Seriously. It's like you're saying forest fires are no big deal, because you've seen people light matches safely your whole life.


reply posted on 4-5-2010 @ 11:33 AM by Primordial
Not that the oil spill/leak is a good thing but to put it into perspective...

sciedsociety.blogspot.com... into-ocean-documented.html

Twenty years ago, the oil tanker Exxon Valdez was exiting Alaska's Prince William Sound when it struck a reef in the middle of the night. What happened next is considered one of the nation's worst environmental disasters: 10.8 million gallons of crude oil spilled into the pristine Alaskan waters, eventually covering 11,000 square miles of ocean. Now, imagine 8 to 80 times the amount of oil spilled in the Exxon Valdez accident.

According to new findings by scientists from the University of California at Santa Barbara (UCSB) and the Woods Hole Oceanographic Institution (WHOI), that's how much oil has made its way into sediments offshore from petroleum seeps near Coal Oil Point off Goleta, Calif., in the Santa Barbara Channel. These natural seeps release some 20 to 25 tons of oil daily, "providing an ideal laboratory to investigate the fate of oil in the coastal ocean," says oceanographer David Valentine of UCSB.


www.csmonitor.com... 03-hfks.html

European explorers reported the seeps as early as 1775. In 1793, George Vancouver, an early European explorer to California, noted in his journal that the sea off Goleta, near what is today Santa Barbara, was "covered with a thick, slimy substance, which, when separated or disturbed by any little agitation, became very luminous...."

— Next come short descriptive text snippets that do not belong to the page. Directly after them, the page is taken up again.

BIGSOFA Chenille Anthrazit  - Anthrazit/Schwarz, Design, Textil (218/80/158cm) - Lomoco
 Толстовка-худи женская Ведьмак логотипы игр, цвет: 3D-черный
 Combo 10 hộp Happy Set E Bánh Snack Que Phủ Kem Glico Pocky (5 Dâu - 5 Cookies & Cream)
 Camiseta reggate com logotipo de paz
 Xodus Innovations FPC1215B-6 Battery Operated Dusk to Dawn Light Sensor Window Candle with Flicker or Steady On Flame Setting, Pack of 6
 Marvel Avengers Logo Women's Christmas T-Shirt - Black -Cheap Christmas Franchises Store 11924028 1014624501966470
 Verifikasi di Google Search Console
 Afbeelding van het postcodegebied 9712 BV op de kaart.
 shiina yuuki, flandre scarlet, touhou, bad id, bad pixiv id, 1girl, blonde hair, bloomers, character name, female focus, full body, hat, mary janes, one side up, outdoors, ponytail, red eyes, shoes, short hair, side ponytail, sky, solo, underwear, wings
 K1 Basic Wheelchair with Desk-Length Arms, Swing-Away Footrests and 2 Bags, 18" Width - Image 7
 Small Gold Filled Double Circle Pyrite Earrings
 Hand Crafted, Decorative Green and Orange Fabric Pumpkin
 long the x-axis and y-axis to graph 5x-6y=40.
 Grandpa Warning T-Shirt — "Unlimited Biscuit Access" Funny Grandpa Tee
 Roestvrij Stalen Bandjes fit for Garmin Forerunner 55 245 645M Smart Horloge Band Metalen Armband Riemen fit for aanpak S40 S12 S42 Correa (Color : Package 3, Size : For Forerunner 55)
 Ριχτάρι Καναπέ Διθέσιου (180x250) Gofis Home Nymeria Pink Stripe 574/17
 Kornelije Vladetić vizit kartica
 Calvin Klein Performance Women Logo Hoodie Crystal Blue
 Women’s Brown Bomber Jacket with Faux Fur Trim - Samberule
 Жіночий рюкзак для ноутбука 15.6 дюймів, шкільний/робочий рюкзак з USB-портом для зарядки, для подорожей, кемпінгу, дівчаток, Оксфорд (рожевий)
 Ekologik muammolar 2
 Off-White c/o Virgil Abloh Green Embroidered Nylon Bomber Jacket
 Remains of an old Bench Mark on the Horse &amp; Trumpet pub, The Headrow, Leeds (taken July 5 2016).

www.manhattan-institute.org...

www.searchanddiscovery.net... acts/hedberg2002/kvenvolden01/kvenvolden01.htm


Thus a revised estimate of the global seepage rate was calculated based on assumptions concerning the amount of crude oil known to be present that could seep over reasonable periods of geologic time. The new estimates ranged between 20,000 and 2,000,000 mt/a, with a ‘best estimate’ of 200,000 mt/a (2).


So the Earth has been seeping crude oil into the oceans at a rate of possibly millions of tons per year for centuries. While our spills are not a good thing, the Earth seems to be able to handle it. It may cause a mess but will hardly kill the worlds oceans.

[edit on 4-5-2010 by Primordial]


[edit on 4-5-2010 by Primordial]


reply posted on 4-5-2010 @ 11:36 AM by hdutton
reply to post by TruThS33Kr


Let me say, hello and welcome to the fray.

I don't consider myself a "greeny" but I could not agree with you more.

Maybe those who seem to think this blow out is not much of a deal should think of just opening up an artery the next time they get a paper cut.

I know such an action would not be very smart but neither would simply dismissing the possible devestation brought on by the current problem.

Just in case I have misread any of the previous posts, maybe the posters should re-read them in a better light.


reply posted on 4-5-2010 @ 11:38 AM by Unit541
reply to post by Primordial



And doctors and nurses have been pricking fingers to draw blood for a century.

So, what are you going to say when your doc walks in with a cleaver and says "don't worry, it seems that the human body can handle a little bleeding..."?